Communist China Claims All Pandas in the World, Which Illuminates a Larger Story

It’s no coincidence that a growing alliance against Communist is starting to form — including this week in Washington.

Chung Sung-Jun/Getty Images
Giant panda Fu Bao eating bamboo at Everland amusement park on March 3, 2024 at Yongin, South Korea. Chung Sung-Jun/Getty Images

The fine details of Prime Minister Fumio Kishida’s visit to Washington this week may not fully break through the fraught news cycle, but the visit was nevertheless important — and could have profound, historic consequences.

Mr. Kishida committed his country to a closer alliance with America on space exploration, technological development, military coproduction, and other important areas. Indeed, it is likely that the first non-American to visit the Moon will be Japanese.

However, Mr. Kishida and President Biden also met with the president of the Philippines, Ferdinand Marcos Jr., to deepen the multinational effort to protect the South China Sea from Chinese Communist aggression.

This deeper purpose was made clear Sunday as the first combined United States-Philippines-Japan-Australia Task Force patrolled the South China Sea.

For years, Communist China has aggressively tried to own the South China Sea. It has built and armed artificial island chains. It has created armed fishing boat militias to intimidate its neighbors. Its leaders have drawn new maps and claimed the South China Sea as exclusively Chinese territory — despite clear international legal rulings to the contrary.

China’s belligerence — and the multinational alliance against it — are easy to understand. The South China Sea has vast oil and gas potential and is host to some of the world’s most trafficked trade routes. Japan gets 90 percent of its oil and gas through the South China Sea and the waters around Taiwan. So, it has a survival interest in keeping the sea lanes open.

And Chinese Communist aggression goes beyond the South China Sea. Consider the case of Fu Bao. Fu Bao is the first Giant Panda born in South Korea. Her parents are on loan from China. The Chinese Communists claim that China owns all the Giant Pandas in the world — even if they are born in another country.

Many South Koreans had fallen in love with Fu Bao. The departure ceremony when China took the bear back involved people crying and a nationwide sense of loss. While this is a small event it is typical of the Chinese Communist insensitivity to the feelings and views of others.

You must wonder why Beijing felt it had to reclaim a young panda at the expense of good will in South Korea. You also must wonder why using force to try to claim sovereignty over rusting old ships in the South China Sea makes sense.

Ironically, the growing alliance against China might never have emerged if the Communist dictatorship had been more cautious and less of a bully (recently the Chinese Communists used water hoses and injured several Filipino sailors in a struggle over an artificial island that both countries claim).

In many ways, the Chinese dictatorship’s attitude reminds me of another point in history.
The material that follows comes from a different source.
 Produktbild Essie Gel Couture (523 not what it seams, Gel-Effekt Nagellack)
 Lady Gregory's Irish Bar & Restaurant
In the early 1900s, Wilhelmine Germany isolated itself and ultimately encouraged its competitors to band together into an anti-German alliance.

When modern Germany was created by Prussia unifying the various Germanic states outside the Austria-Hungarian Empire, an anti-German coalition was far from inevitable.

The British and French had been fighting off and on from 1066 through the Napoleonic Wars. The last British-French confrontation was the Fashoda crisis of 1898. Yet, a mere six years later, in 1904, the British and French were signing an Entente Cordiale clearly aimed at opposing Germany.

By 1906, William Le Queux wrote “The Invasion of 1910,” a novel in which Germany invades Britain. It was a sign of how much the world had changed. A mere 12 years earlier, the same author had written “The Great War in England in 1897,” describing a fictional French invasion of Britain.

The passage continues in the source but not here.